First grey seal pup of the season at Blakeney Point

new born grey seal pup on Blakeney Point
Published : 04 Nov 2021 Last update : 03 Nov 2021

The first grey seal pup of the season has been spotted at Blakeney National Nature Reserve on the north Norfolk coastline, six days later than last year.

The very first pup was spotted at the point in 1988. Since then, the site has grown to become England’s largest grey seal colony, with the numbers born increasing from just 25 pups in 2001 to 4000 in 2020. It’s believed this is due to low levels of disturbance and mortality during the first few key weeks of life and a lack of natural predators.   

This year, National Trust rangers are anticipating around 4,500 new arrivals at Blakeney Point. Global numbers are estimated to be around 300,000 with British and Irish waters supporting about 40 per cent of the grey seal population. 
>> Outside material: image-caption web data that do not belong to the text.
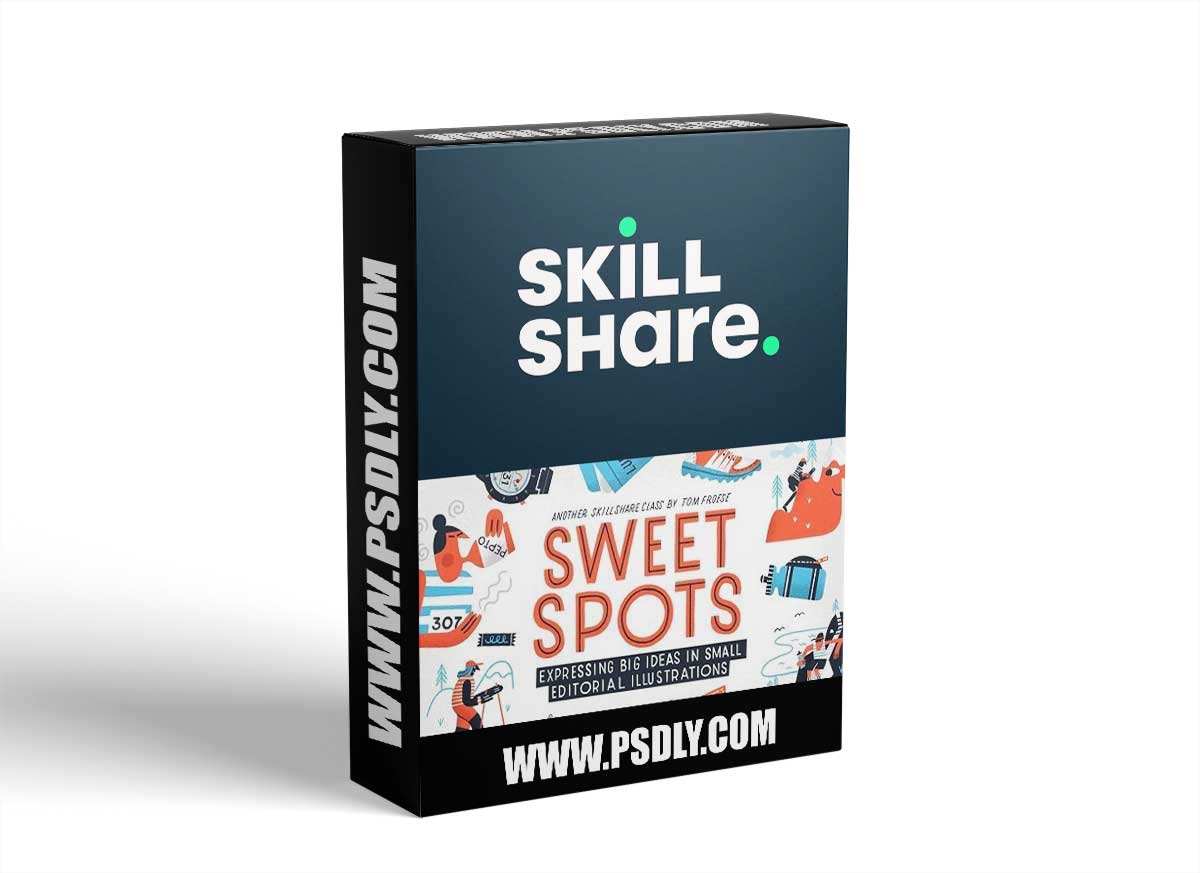 Sweet Spots: Expressing Big Ideas in Small Editorial Illustrations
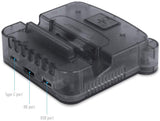 Hyperkin RetroN S64 Console Dock for Nintendo Switch - Smoke Gray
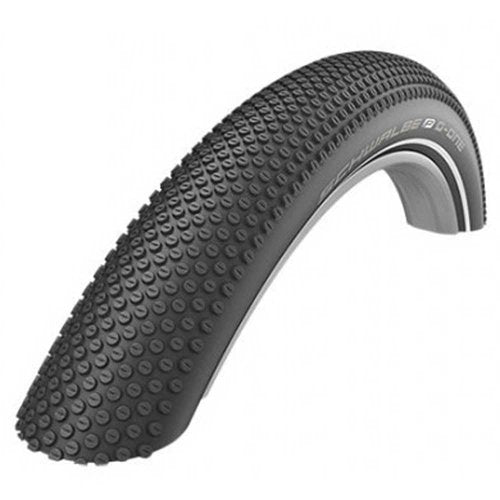 Schwalbe Unisex's G-ONE Allround Tyre, Black, 27.5x1.50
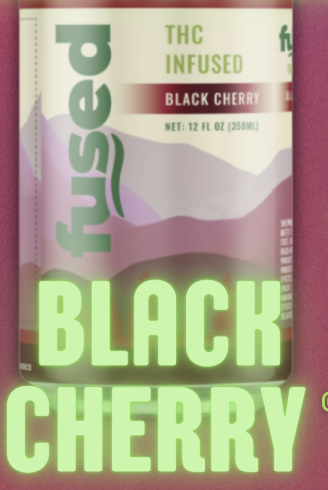 Fused Flathead Black Cherry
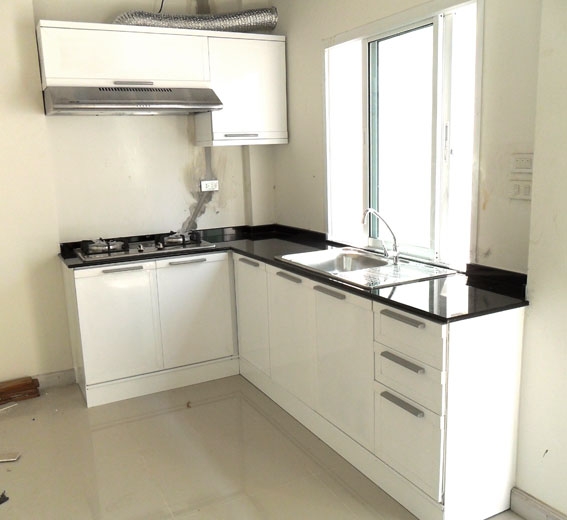 ตู้ครัวอลูมิเนียมบิวท์อิน46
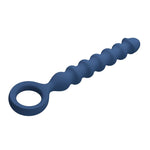 Mr Play - Bolinhas Anal de Silicone Azuis e Plug Anal - Ø - 3,4 cm - 28,5 cm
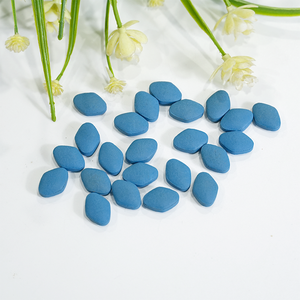 Pastillas Azules para la Vitalidad Masculina, Suplemento Herbal con Soporte Inmunológico, Tabletas de 100mg y 500mg para Hombres, Bajo MOQ - Product Image 6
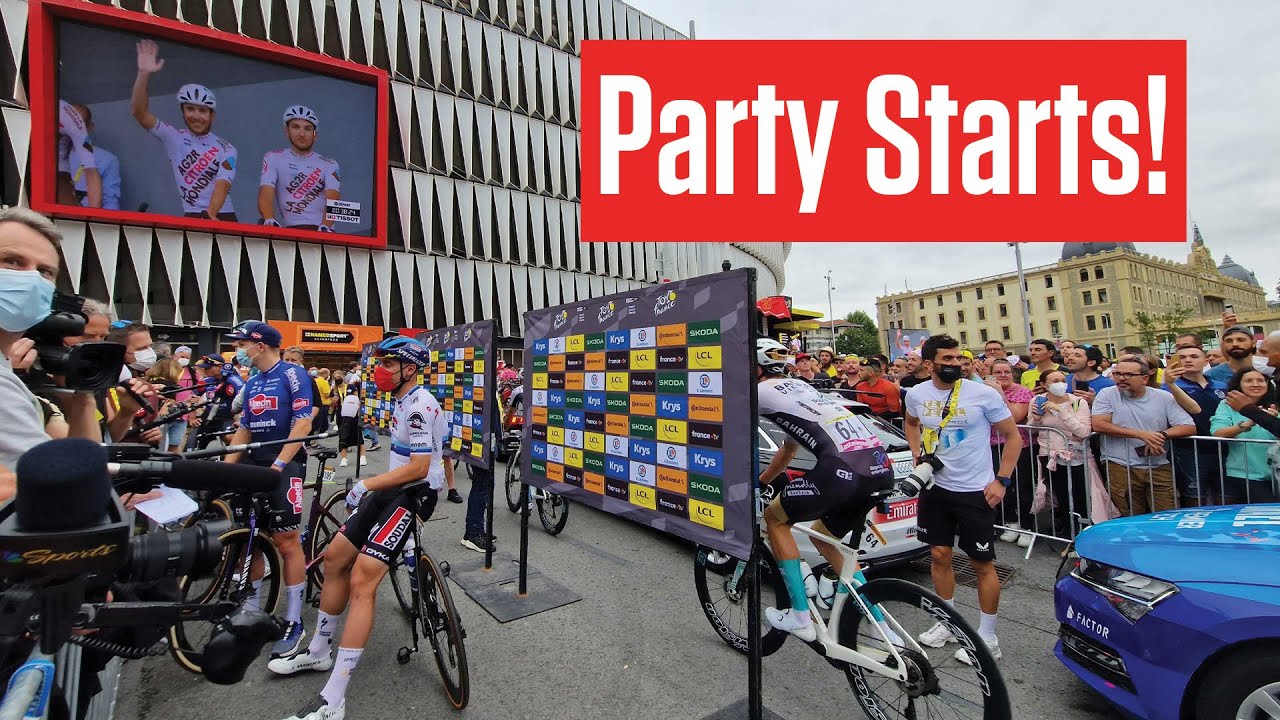 The Tour de France 2023 Rolls Out Of Bilbao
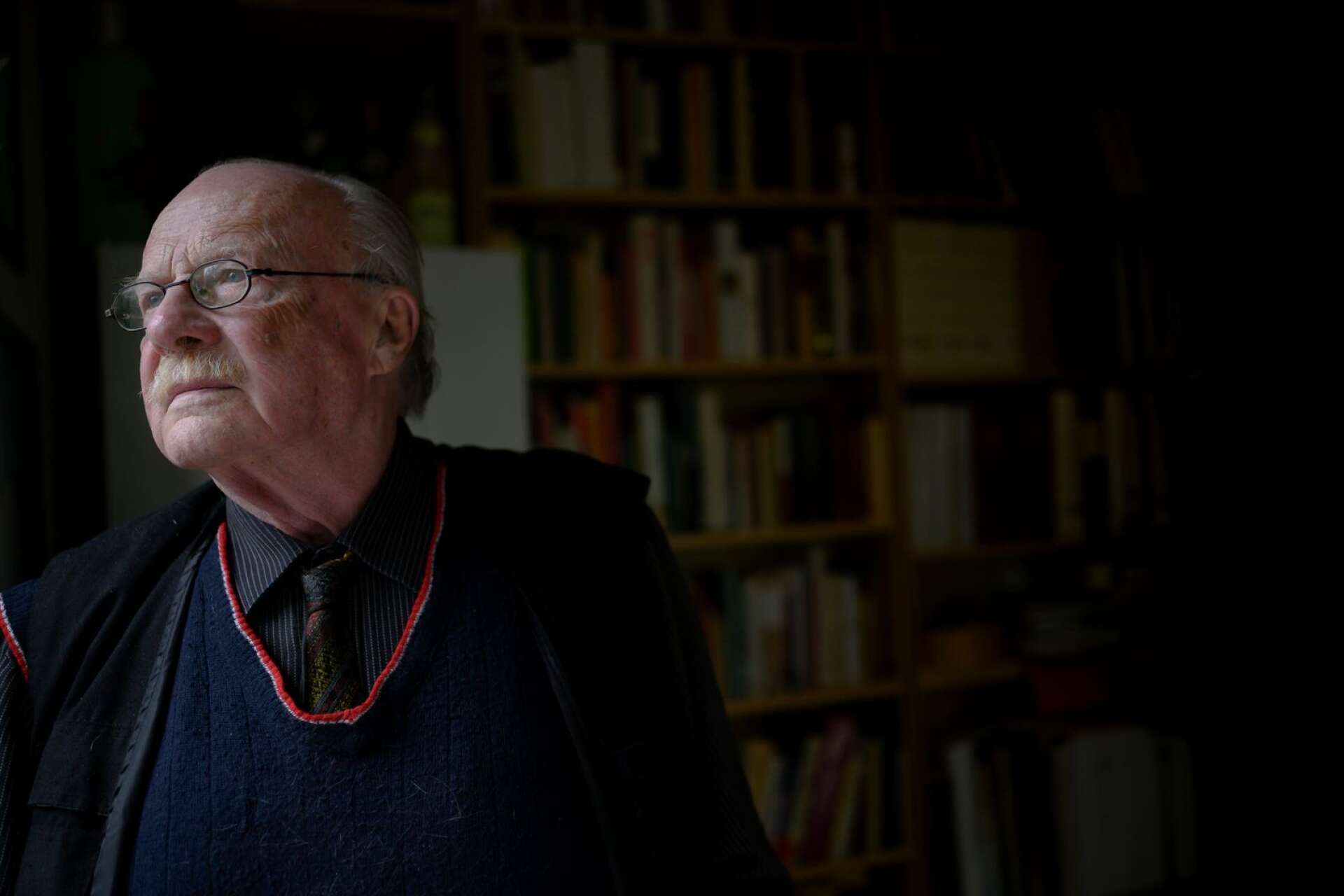 Författaren Jan Myrdal har avlidit.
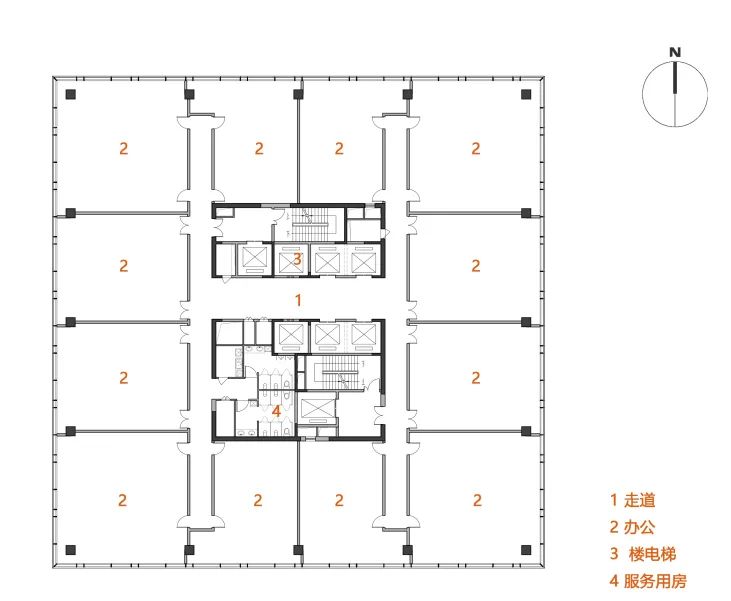 合肥华地金融中心丨中国合肥丨上海联创设计集团股份有限公司-87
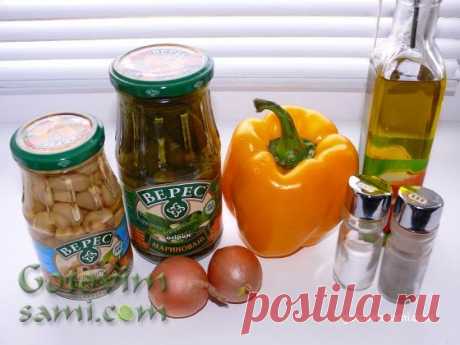 Салат "Клеопатра". Рецепт с фото / Готовим сами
The colony at Blakeney has now become so large that it is almost impossible to record the number of pups precisely. Until a few years ago, the pups were counted individually by rangers and volunteers walking carefully through the colony, but from last year, numbers of new-borns and weaned pups - which will have moulted their white fur but will be much smaller than the adults - were recorded in just one specific area to give an indication of the overall size of the colony.  

New born grey seal pup with cow at Blakeney Point
Grey seal pup with cow at Blakeney Point
New born grey seal pup with cow at Blakeney Point

Rangers have since spotted a further five pups, located towards the end of Blakeney Point. 

Due to increasing numbers of seals each year, Chris Bielby, Countryside Manager for the National Trust on the North Norfolk Coast said:

We’re really proud to announce the birth of the first pup of the season, it’s always a special date in our year and a real wildlife spectacle for visitors. We expect many people will want to come and see these wonderful animals. We ask all our visitors to remember that seals are wild animals and can be dangerous. Please stay outside of the fenced areas and follow signage, this is not only to protect the seals but our visitors too. We recommend you bring binoculars and enjoy watching this wildlife spectacle from a distance that keeps you safe and the seals undisturbed.”. 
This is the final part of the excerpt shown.